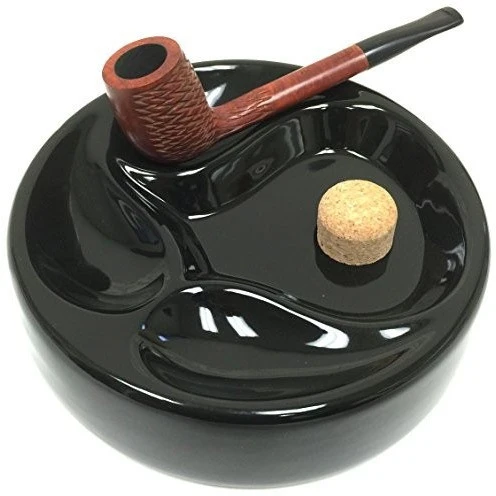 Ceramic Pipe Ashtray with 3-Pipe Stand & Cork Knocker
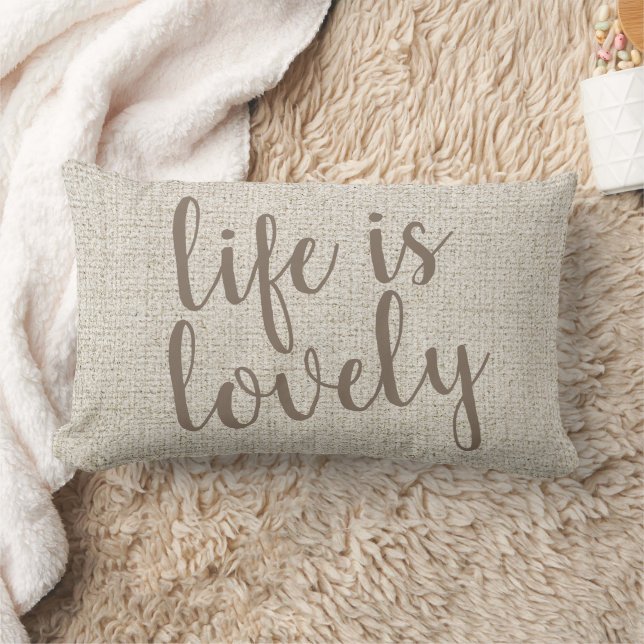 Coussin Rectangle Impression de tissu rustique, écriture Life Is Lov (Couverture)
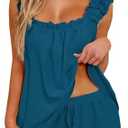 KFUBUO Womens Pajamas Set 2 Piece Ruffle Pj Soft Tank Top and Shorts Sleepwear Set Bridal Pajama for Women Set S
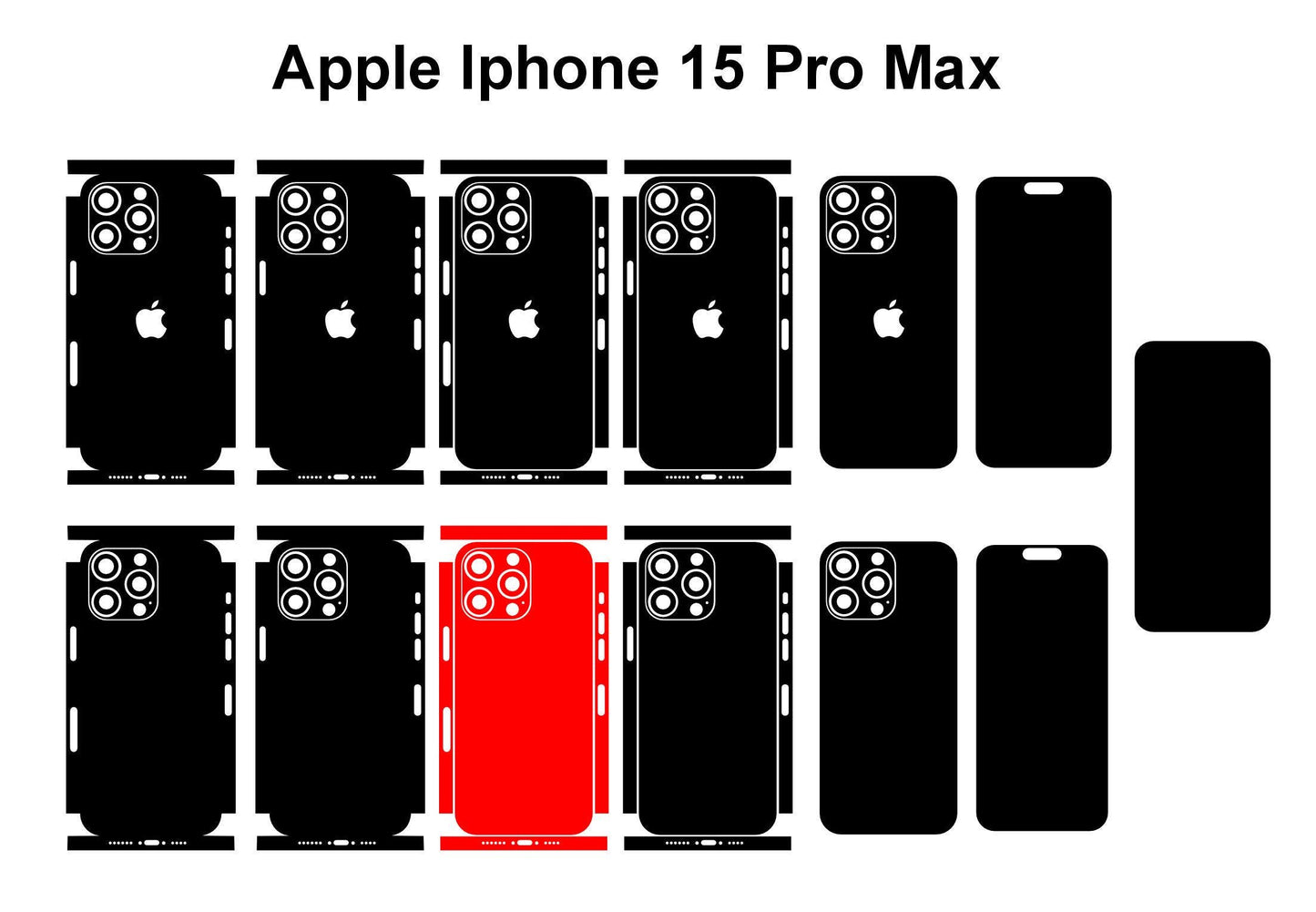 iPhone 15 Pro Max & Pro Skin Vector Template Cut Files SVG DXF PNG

● **Work item**:
Output a faithful copy of the data, with each picture left out.

● **Answer area**:
 Ceramic Pipe Ashtray with 3-Pipe Stand & Cork Knocker
 Coussin Rectangle Impression de tissu rustique, écriture Life Is Lov (Couverture)
 KFUBUO Womens Pajamas Set 2 Piece Ruffle Pj Soft Tank Top and Shorts Sleepwear Set Bridal Pajama for Women Set S
 iPhone 15 Pro Max & Pro Skin Vector Template Cut Files SVG DXF PNG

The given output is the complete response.